Genetics of Infectious Disease

Infectious diseases are a leading cause of morbidity and mortality in humans and animals, and represent a significant cost to the public in both health care and effects on food sources. The use of vaccines and antibiotics have made significant improvements in the control of infectious agents in recent years, however, many infectious agents are recalcitrant to vaccine control and/or aquire resistance to antibiotics, making them a continuing problem worldwide. Technological advances have provided new tools with which to study infectious agents, the diseases they cause, and the hosts' responses to infection. This has resulted in a better understanding of the biology and genetics of the infectious agents which has led to better vaccines, alternative drug therapies, and more sensitive methods of detection of these agents in our environments.

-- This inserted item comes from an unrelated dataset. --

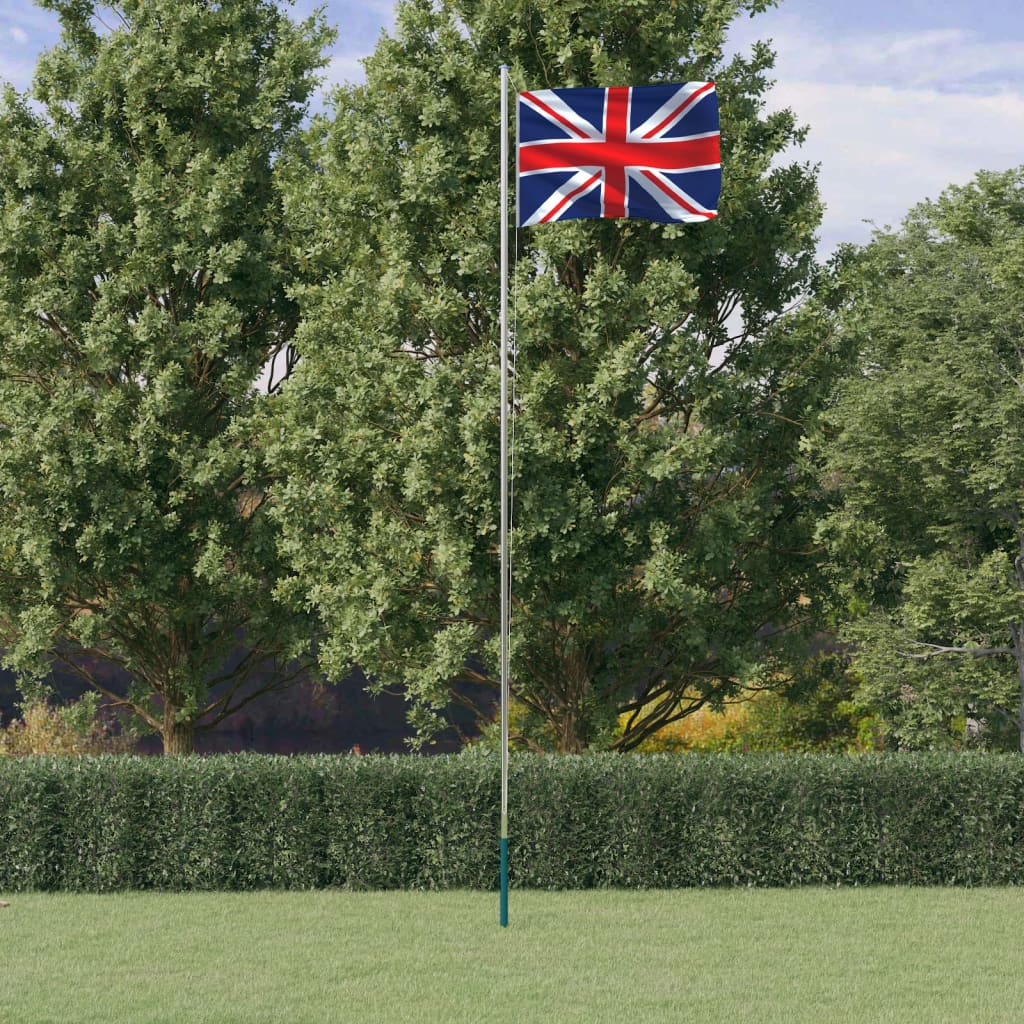 Flagge Großbritanniens mit Mast 6,23 m Aluminium Flagge Großbritanniens mit Mast 6,23 m Aluminium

These methods have also led to the identification of new infectious agents of diseases which previously had no known cause. Thus, this is an exciting time in the field of biomedical and veterinary research.

The techniques of biochemistry, microbiology, molecular biology, and genomics, are used by a group of researchers in the Genetics Program at MSU to study viral, bacterial, and parasitic infectious agents and the diseases they cause. These agents include food- and water-borne agents, sexually-transmitted organisms, and respiratory pathogens of humans and animals. Technological resources available in the MSU community allow these researchers to be on the cutting edge of advancing our knowledge of the infection process.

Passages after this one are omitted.